Ligands and complexes of 1,8-diformylcarbazole and 2,2’-iminobisbenzaldehyde derivatives

Abstract

The project detailed in this thesis was a successful attempt to prepare diphenylamine- and carbazole-based dialdehyde units; a handful of metal-free [2+2] macrocycles; and a selection of complexes which represent a first step towards generating new series of potential catalysts. In addition, the preparation of diphenylamine- and carbazole-based anion receptors was briefly explored.

Chapter 1 is split into two major sections. The first moves from considering naturally occurring porphyrins through to the use of various dialdehydes in the literature, their downfalls and the subsequent realisation of diphenylamine and carbazole dialdehydes as building blocks with a lot of potential. This is followed by a comprehensive review of the synthesis of (110) related ligands and (320) metal complexes thereof, as well as of their properties and structural parameters (55 complexes) where relevant.

Chapter 2 details the optimisation of the literature syntheses of 2,2’-iminobisbenzaldehyde (HU1) and 1,8-diformyl-9H-carbazole (HU2). Given the poor availability of 1,8-diformyl-9H-carbazole derivatives (multiple steps, low yields), an alternative, robust, and flexible route to such compounds was developed.
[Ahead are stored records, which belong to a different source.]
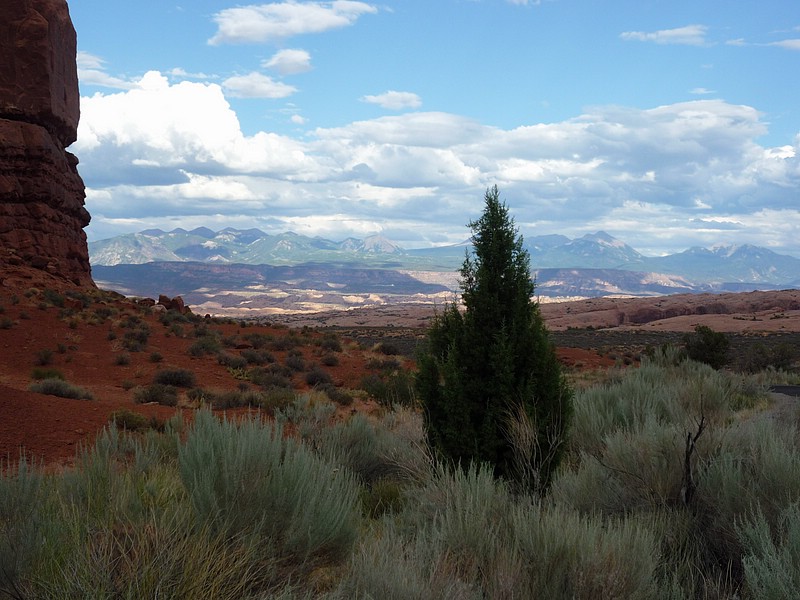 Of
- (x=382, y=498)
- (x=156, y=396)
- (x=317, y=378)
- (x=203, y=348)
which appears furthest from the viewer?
(x=203, y=348)

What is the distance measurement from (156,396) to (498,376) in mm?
11424

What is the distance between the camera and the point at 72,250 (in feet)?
134

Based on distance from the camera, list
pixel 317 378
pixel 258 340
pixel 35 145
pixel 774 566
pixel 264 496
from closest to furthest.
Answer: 1. pixel 774 566
2. pixel 264 496
3. pixel 317 378
4. pixel 258 340
5. pixel 35 145

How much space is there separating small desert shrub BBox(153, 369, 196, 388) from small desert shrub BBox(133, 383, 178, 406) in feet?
6.01

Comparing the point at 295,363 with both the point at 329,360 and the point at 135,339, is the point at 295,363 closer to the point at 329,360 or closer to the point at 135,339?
the point at 329,360

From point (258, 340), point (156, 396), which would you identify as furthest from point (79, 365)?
point (258, 340)

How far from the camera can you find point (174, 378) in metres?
17.7

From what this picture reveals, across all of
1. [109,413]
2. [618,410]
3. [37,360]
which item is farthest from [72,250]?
[618,410]

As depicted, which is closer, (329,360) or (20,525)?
(20,525)

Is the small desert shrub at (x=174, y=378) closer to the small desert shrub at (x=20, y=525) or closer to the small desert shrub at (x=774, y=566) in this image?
the small desert shrub at (x=20, y=525)

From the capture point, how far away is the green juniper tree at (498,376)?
6.38 m

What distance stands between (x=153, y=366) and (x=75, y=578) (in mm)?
18844

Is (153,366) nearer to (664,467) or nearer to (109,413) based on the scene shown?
(109,413)

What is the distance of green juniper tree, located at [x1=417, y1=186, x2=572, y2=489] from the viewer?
638 cm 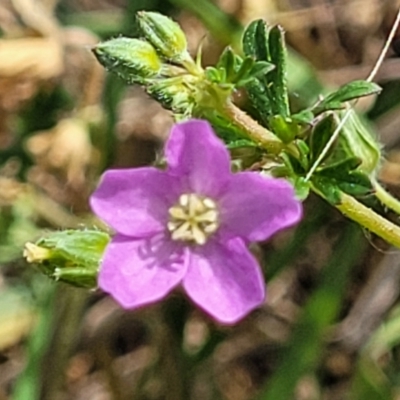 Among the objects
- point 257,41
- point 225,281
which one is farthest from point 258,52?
point 225,281

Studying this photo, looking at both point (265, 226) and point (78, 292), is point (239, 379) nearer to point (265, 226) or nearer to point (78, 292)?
point (78, 292)

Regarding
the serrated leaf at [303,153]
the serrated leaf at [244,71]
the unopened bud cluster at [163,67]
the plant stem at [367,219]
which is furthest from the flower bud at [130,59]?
the plant stem at [367,219]

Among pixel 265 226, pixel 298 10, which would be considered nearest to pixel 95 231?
pixel 265 226

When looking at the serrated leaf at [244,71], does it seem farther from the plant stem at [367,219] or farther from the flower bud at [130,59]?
the plant stem at [367,219]

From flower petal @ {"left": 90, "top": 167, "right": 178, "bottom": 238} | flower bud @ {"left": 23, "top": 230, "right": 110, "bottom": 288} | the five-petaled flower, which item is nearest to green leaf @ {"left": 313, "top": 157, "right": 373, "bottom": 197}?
the five-petaled flower

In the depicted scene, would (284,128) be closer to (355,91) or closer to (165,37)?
(355,91)

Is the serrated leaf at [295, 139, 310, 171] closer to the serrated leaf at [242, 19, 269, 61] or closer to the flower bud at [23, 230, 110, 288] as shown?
the serrated leaf at [242, 19, 269, 61]

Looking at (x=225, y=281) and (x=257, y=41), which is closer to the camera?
(x=225, y=281) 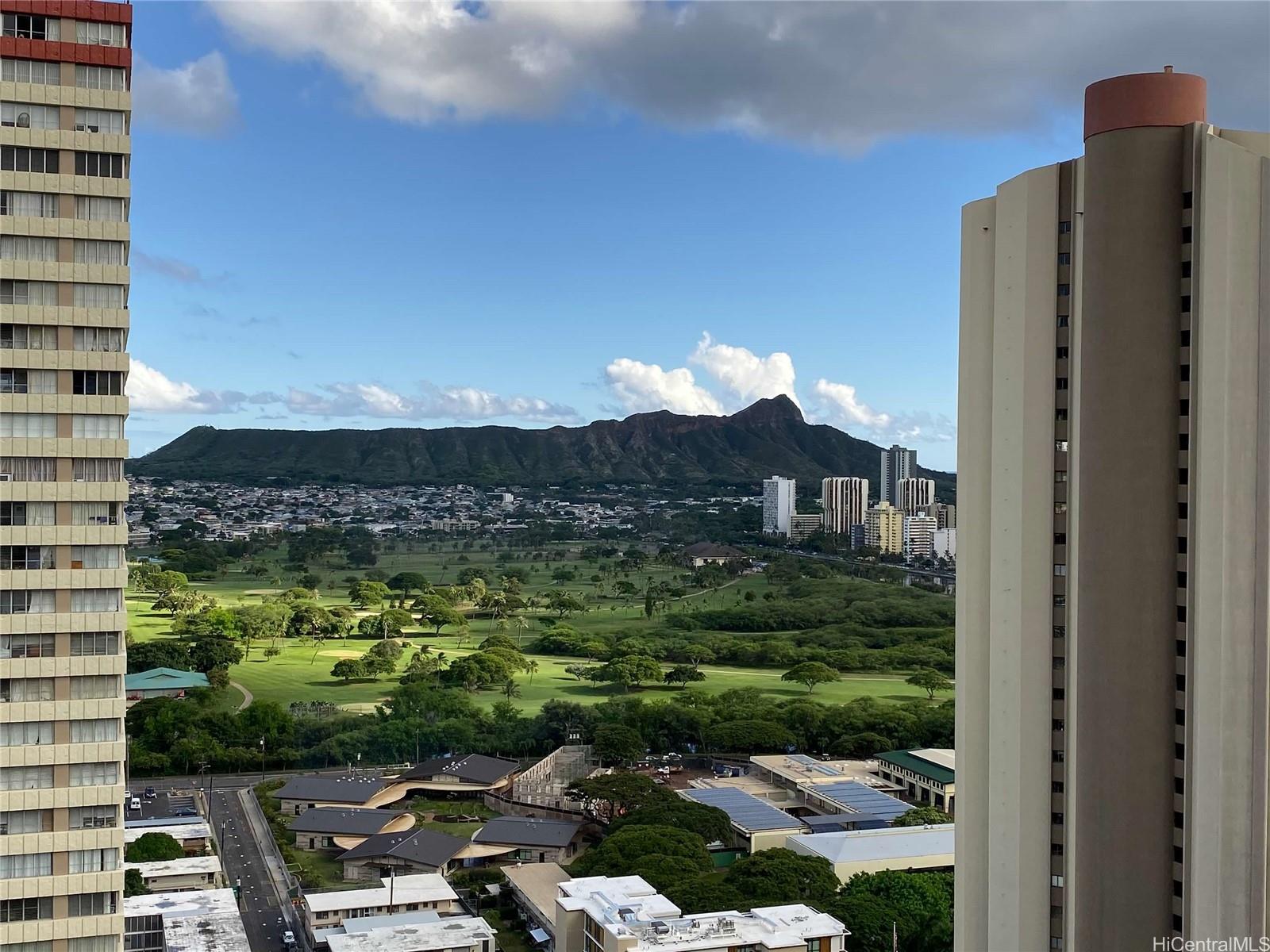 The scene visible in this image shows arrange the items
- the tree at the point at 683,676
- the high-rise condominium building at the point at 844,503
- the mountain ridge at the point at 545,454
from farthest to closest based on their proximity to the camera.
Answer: the mountain ridge at the point at 545,454, the high-rise condominium building at the point at 844,503, the tree at the point at 683,676

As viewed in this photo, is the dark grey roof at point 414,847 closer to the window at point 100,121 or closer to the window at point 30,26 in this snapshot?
the window at point 100,121

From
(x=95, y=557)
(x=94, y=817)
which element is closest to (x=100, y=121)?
(x=95, y=557)

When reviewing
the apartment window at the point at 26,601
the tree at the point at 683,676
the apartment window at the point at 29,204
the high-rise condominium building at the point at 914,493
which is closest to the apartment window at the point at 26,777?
the apartment window at the point at 26,601

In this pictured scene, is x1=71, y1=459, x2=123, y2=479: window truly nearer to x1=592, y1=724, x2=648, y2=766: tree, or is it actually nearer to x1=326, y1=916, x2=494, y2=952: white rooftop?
x1=326, y1=916, x2=494, y2=952: white rooftop

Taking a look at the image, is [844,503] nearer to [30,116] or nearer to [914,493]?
[914,493]

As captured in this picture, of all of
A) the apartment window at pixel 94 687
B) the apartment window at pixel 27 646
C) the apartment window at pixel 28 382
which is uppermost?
the apartment window at pixel 28 382

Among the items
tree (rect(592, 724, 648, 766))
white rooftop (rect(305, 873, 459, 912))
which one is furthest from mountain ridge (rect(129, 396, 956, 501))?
white rooftop (rect(305, 873, 459, 912)) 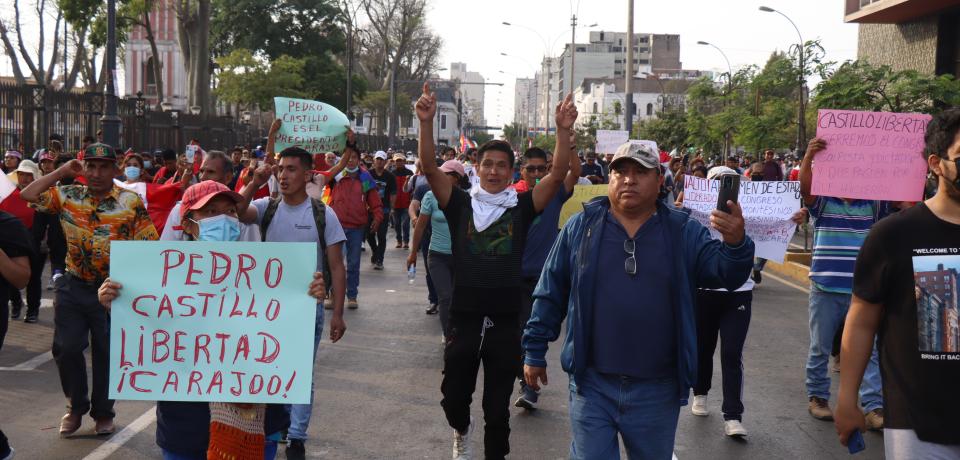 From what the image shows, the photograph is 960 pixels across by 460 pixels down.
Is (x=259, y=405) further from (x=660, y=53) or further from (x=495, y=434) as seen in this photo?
(x=660, y=53)

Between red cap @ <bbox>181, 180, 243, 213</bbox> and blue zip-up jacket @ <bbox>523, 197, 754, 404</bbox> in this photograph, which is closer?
blue zip-up jacket @ <bbox>523, 197, 754, 404</bbox>

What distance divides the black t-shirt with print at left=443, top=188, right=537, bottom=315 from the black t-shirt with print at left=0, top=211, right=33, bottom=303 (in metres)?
2.18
The carbazole derivatives HU2, 1,8-diformyl-3,6-di-tert-butyl-9H-carbazole (HU3) and 1,8-diformyl-3,6-bis(dodecyl)-9H-carbazole (HU4) were prepared using this general strategy in moderate overall yields. Nine of the compounds in this chapter were structurally characterised.
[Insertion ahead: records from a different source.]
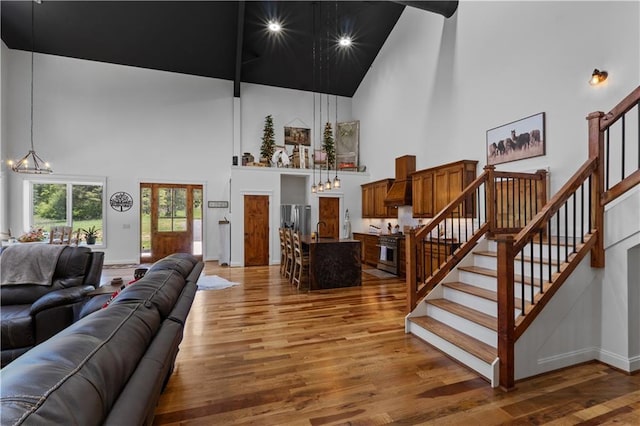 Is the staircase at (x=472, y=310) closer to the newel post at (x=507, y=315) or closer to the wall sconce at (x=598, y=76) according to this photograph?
the newel post at (x=507, y=315)

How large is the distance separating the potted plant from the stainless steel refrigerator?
15.8 feet

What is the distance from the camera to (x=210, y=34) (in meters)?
7.41

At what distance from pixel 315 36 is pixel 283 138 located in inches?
115

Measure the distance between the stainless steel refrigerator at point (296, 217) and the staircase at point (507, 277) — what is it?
496cm

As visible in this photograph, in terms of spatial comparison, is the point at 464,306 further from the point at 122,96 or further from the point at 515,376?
the point at 122,96

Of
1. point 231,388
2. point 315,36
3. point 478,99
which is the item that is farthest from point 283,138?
point 231,388

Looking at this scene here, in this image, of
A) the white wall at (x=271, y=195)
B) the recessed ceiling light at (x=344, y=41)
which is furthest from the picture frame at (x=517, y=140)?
the recessed ceiling light at (x=344, y=41)

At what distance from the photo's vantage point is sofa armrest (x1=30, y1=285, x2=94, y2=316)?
2443 mm

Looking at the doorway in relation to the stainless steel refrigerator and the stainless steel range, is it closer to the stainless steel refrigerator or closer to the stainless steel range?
the stainless steel refrigerator

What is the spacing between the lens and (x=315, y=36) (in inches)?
306

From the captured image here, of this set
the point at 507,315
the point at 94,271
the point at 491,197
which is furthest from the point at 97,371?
the point at 491,197

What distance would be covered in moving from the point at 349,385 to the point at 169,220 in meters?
7.60

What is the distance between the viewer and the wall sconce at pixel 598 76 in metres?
3.47

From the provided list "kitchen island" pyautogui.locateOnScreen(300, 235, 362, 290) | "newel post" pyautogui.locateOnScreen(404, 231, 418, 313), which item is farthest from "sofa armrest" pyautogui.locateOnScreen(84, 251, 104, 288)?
"newel post" pyautogui.locateOnScreen(404, 231, 418, 313)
Chapter 3 details the metal-free synthesis of analytically clean imine [2+2] macrocycles resulting from the condensation of HU1 with 1,2-diaminoethane, 1,3-diaminopropane and 1,4-diaminobutane, H2L1EtI, H2L1PrI and H2L1BuI respectively, in very good yields. The preparation of the corresponding reduced amine macrocycles is also described. Attempts were made to prepare analogous imine macrocycles from HU2 and HU3, but resulted in a complex mixture of products. The three imine and three amine macrocycles derived from HU1 were structurally characterised.
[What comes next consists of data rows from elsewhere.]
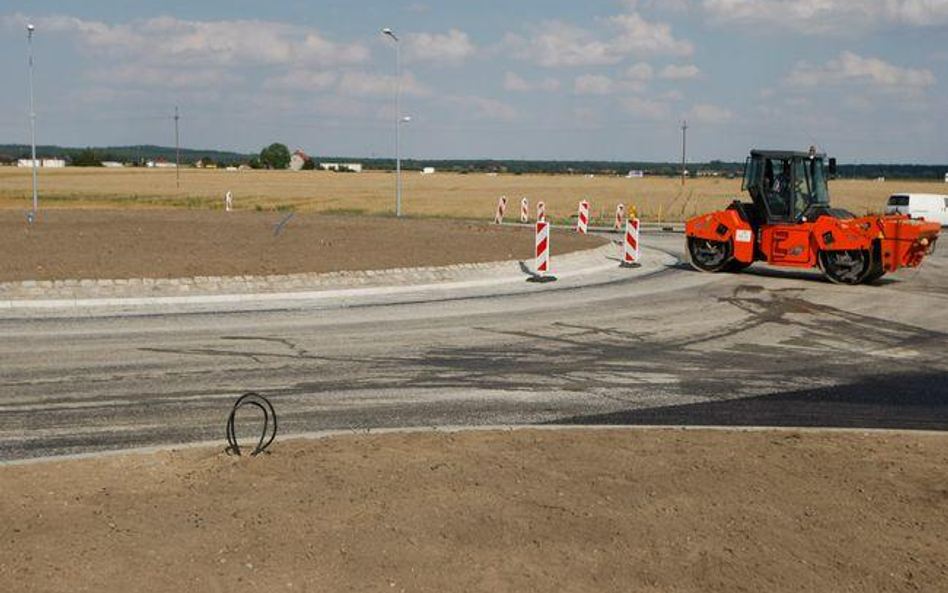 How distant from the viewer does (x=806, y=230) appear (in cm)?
2050

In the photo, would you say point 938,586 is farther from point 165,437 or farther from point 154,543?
point 165,437

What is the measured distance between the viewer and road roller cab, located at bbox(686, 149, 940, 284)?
63.9 feet

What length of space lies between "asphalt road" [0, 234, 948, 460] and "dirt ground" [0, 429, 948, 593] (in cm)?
128

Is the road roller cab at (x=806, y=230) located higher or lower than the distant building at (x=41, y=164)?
lower

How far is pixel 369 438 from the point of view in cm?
807

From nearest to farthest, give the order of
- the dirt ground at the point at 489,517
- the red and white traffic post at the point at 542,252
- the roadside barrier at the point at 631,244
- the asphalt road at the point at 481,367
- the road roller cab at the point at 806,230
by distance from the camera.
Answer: the dirt ground at the point at 489,517, the asphalt road at the point at 481,367, the road roller cab at the point at 806,230, the red and white traffic post at the point at 542,252, the roadside barrier at the point at 631,244

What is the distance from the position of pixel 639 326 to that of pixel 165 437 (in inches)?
343

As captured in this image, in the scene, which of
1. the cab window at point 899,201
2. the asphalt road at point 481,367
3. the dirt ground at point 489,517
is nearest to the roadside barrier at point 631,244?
the asphalt road at point 481,367

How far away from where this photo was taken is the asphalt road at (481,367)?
357 inches

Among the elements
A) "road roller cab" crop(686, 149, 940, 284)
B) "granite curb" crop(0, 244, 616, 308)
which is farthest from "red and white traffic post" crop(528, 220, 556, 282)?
"road roller cab" crop(686, 149, 940, 284)

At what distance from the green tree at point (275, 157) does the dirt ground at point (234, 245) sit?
148814mm

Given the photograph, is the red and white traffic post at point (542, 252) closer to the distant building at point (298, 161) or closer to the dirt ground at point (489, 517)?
the dirt ground at point (489, 517)

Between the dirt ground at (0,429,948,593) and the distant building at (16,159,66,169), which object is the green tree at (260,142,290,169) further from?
the dirt ground at (0,429,948,593)

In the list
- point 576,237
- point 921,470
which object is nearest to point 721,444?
point 921,470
Chapter 4 details the preparation of various mono- and di-metallic complexes derived from H2L1EtI, H2L1PrI and H2L1BuI. The dicopper(II) acetate and tetrafluoroborate complexes were prepared in good yields, and four were structurally characterised, [CuII2L1EtI(OAc)2], [CuII2L1PrI(OAc)2] · 1.5MeOH · 0.5H2O, [CuII2L1BuI(OAc)2] · 3MeOH and [CuII2L1PrI(DMF)4](BF4)2· 0.5H2O. The electrochemistry of these complexes was investigated. In addition, an attempt to prepare the dicopper(II) tetrafluoroborate [2+2] macrocyclic complex derived from HU3 and 1,2-diaminoethane by a metal-templated approach resulted instead in the formation of an acyclic complex, which was structurally characterised, [Cu2(2HU3+3en)(DMF)4](BF4)2. One attempt was made to prepare the macrocyclic complex by a “purification-by-complexation” approach. It was only partially successful, but did allow the structural characterisation of the intended complex, [Cu2(OAc)2L2PrI]·2H2O · 0.5MeOH. A series of nickel, copper and zinc complexes of H2L1EtI, H2L1PrI and H2L1BuI were also prepared, but all contained less than two metal ions per macrocycle.

Chapter 5 steps through the attempted development of some diphenylamine- and carbazole-based anion receptors. One bis-amide receptor, which was structurally characterised, was prepared but showed no binding affinity for the anions tested. Attempts to prepare a bis-urea analogue by a Curtius rearrangement resulted instead in a benzimidazolone product. Finally, a preliminary attempt to rectify this problem by a protecting group strategy was investigated.